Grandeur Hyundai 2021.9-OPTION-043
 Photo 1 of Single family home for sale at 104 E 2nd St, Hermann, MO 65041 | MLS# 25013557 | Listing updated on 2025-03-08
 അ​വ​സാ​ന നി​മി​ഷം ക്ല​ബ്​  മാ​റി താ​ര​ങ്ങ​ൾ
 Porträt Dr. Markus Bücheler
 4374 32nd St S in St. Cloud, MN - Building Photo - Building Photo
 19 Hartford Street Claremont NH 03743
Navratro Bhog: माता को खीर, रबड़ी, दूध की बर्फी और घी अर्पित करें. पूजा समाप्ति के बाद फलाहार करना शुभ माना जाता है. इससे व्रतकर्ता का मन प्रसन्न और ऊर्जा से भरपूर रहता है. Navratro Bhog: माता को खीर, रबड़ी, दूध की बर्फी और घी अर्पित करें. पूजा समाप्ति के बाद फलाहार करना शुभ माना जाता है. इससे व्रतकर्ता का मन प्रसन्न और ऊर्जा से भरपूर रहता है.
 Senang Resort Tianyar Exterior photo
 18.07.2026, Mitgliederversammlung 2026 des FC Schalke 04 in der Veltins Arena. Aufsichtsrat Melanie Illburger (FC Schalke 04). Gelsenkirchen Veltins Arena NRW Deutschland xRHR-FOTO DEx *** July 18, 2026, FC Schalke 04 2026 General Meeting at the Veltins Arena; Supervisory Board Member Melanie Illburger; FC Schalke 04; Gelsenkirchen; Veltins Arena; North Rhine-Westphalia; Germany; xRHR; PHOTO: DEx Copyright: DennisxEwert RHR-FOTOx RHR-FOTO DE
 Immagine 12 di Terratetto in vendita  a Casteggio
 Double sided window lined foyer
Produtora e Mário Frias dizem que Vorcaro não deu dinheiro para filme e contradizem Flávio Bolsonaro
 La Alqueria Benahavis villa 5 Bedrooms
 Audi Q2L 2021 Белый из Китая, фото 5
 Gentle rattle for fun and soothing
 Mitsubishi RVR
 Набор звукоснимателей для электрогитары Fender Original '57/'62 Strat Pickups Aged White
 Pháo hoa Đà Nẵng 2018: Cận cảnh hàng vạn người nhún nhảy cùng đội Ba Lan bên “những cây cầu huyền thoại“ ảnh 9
########################################
◆ ASSIGNED TASK ◆
Starting at the line that holds "Produtora e Mário", retype each line exactly through the end of the entries, both ends included.

◆ OUTPUT OF THE EXERCISE ◆
Produtora e Mário Frias dizem que Vorcaro não deu dinheiro para filme e contradizem Flávio Bolsonaro
 La Alqueria Benahavis villa 5 Bedrooms
 Audi Q2L 2021 Белый из Китая, фото 5
 Gentle rattle for fun and soothing
 Mitsubishi RVR
 Набор звукоснимателей для электрогитары Fender Original '57/'62 Strat Pickups Aged White
 Pháo hoa Đà Nẵng 2018: Cận cảnh hàng vạn người nhún nhảy cùng đội Ba Lan bên “những cây cầu huyền thoại“ ảnh 9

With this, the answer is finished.